Committee members will hear a final report from the Joint Jason Task Force, an update from the Interoperability Governance Sub-Committee and an interim report from ONC’s Interoperability Portfolio Manager. These presentations mark several months of dedicated work developing a more detailed, shared roadmap to achieve interoperability in this nation, as a means to see that everyone has access to better quality, more affordable care and better health overall.
These conversations follow our release, in June of 2014, of the high-level document Connecting Health and Care for the Nation: A 10-Year Vision to Achieve an Interoperable Health IT Infrastructure. This paper describes ONC’s broad vision and framework to develop a clear pathway towards interoperability. It is intended as an invitation to health IT stakeholders – clinicians, consumers, hospitals, public health, technology developers, payers, researchers, policy makers and many others – to join ONC to develop a defined, shared roadmap that would allow us to collectively achieve health IT interoperability as a core foundational element of a learning health system.
And people responded. We have been buoyed by the active engagement by individuals, Congress and other policy makers from across the country – all interested in the same goals. We have leaned on the expertise of our partners inside and outside of the federal government, with the states, and with private sector interoperability solution entities. They all contributed valuable insights about what is already working on the ground that we can build upon to achieve short-term gains, how what we advance will allow the country to migrate the current health IT infrastructure into one that meets the opportunities of future technologies and use cases.
Perhaps this interest is because the work of the past decade has meant dramatic progress in adoption and use of health IT. We have also seen changes in payment that are creating a real business case for interoperability. And technology is evolving which will make query-based systems more accessible across the ecosystem. This digitization of the health-care experience is creating a palpable demand for the data collected to be shared so it can be put to use to improve care and improve health to advance public health and science.
As a reminder, we have been working to develop a shared roadmap to interoperability that charts a path to achieve progress in 3, 6 and 10 years. We structured our work along five critical building blocks for a nationwide interoperable health IT infrastructure:
- Core technical standards and functions
- Certification to support adoption and optimization of health IT products and services
- Privacy and security protections for health information
- Supportive business, clinical, and regulatory environments
- Rules of engagement and governance
We are pleased to present some of the early, strategic elements of a draft roadmap. Specifically, within these five building blocks, we are proposing key near-term actions and milestones for many of the 3, 6, and 10 year goals.
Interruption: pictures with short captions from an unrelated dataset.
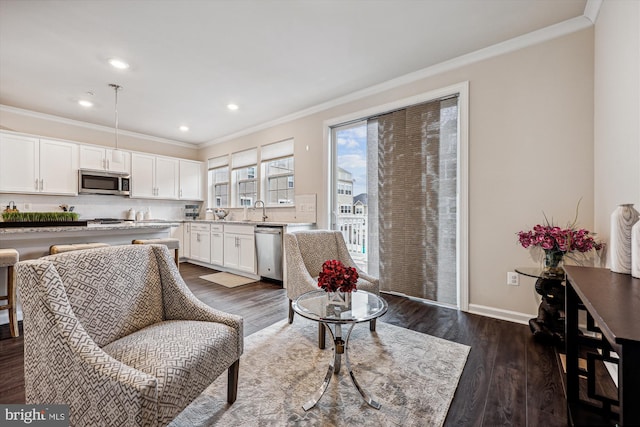 living area with ornamental molding, dark wood-style flooring, recessed lighting, and baseboards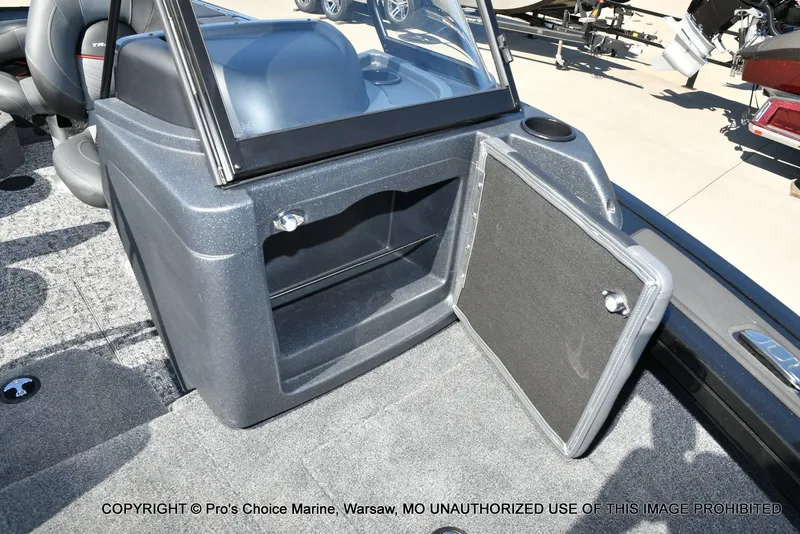 Slide: The Image of Tracker Targa V-18 WT 2026 - 64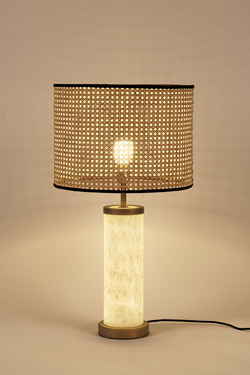 Lampe de table en albâtre et cannage de paille Hortensia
We expect Committee members will engage in a meaningful discussion and provide us with feedback as a checkpoint on this work, knowing there are three more months of work ahead before we submit a draft roadmap for public comment. We also invite you, our stakeholders and members of the public not able to join us, to look at presentation materials on HealthIT.gov.
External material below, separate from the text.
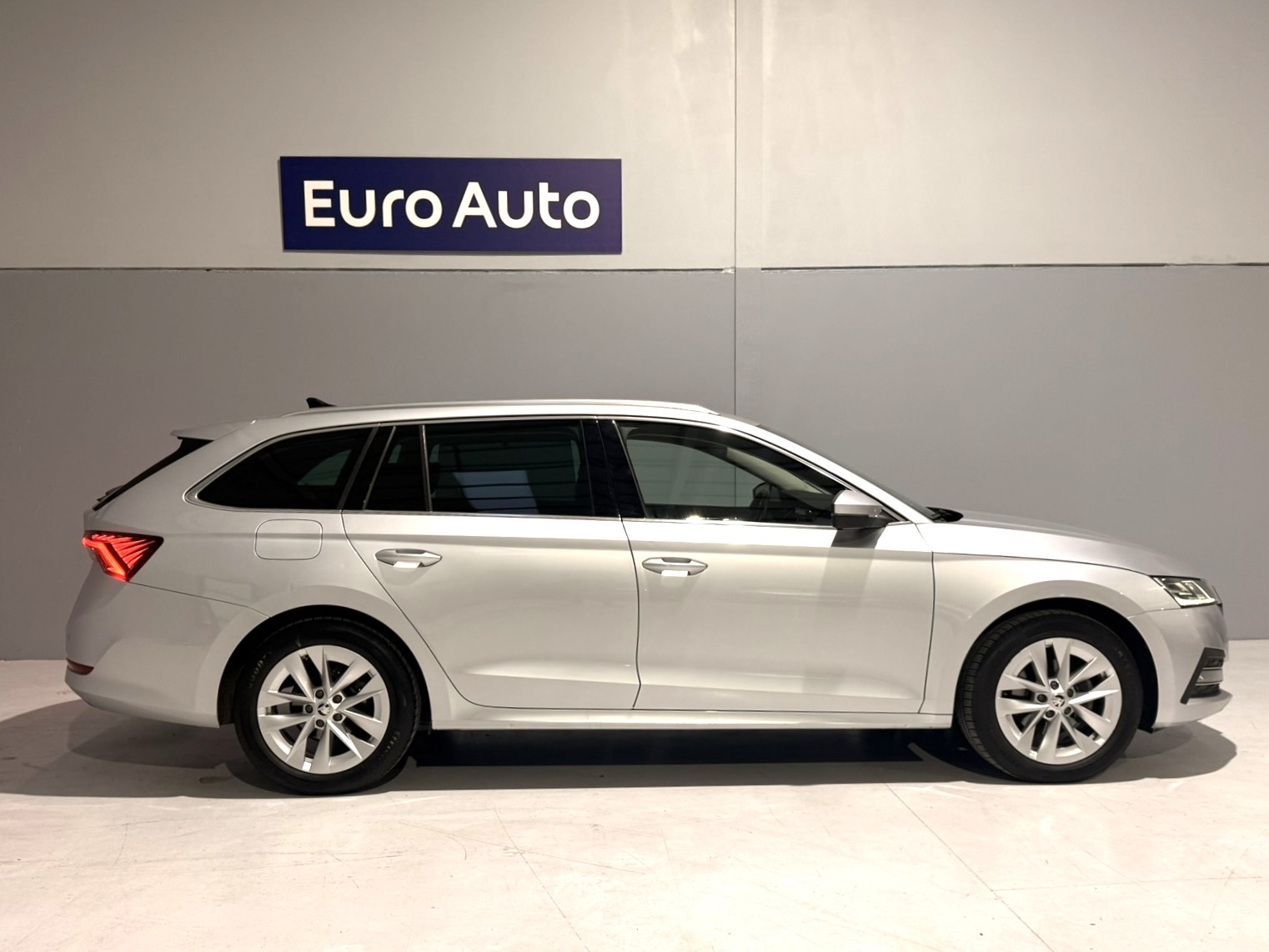 SkodaOctavia150DSGGris (8)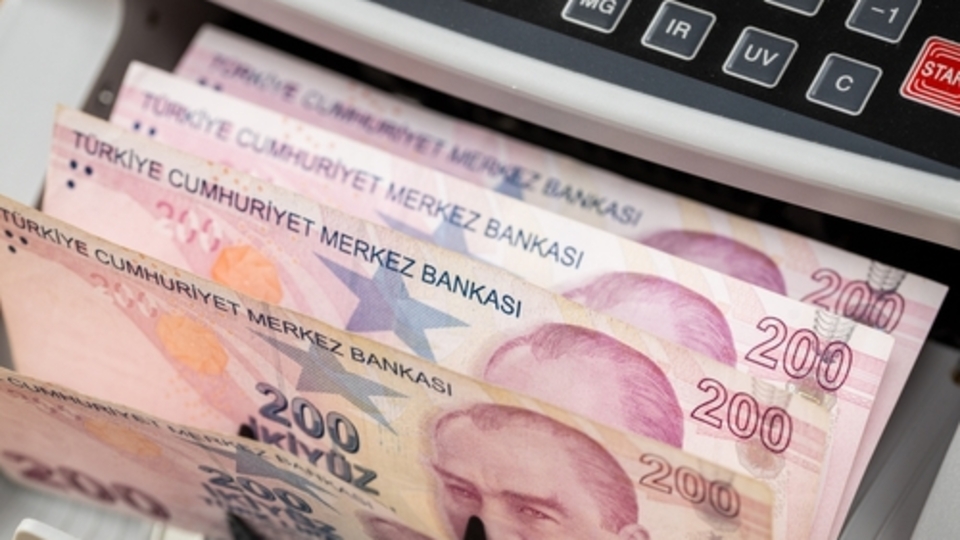 Kamu İşçilerinin maaşı vergiyle dilim dilim azaldı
We have heard loudly and clearly that interoperability is a national priority, and that there is value in this effort spearheaded by ONC as the federal government’s coordinator of health IT policy. It is also apparent that there is enthusiasm, capability and a willingness to cooperate and collaborate in ways not previously seen.
We are invigorated by the collaborative energy we have seen and experienced over the few months by those who have leaned forward with us. Thank you to those who have weighed in, and we hope you will continue to stay engaged as we continue on this journey towards nationwide interoperability.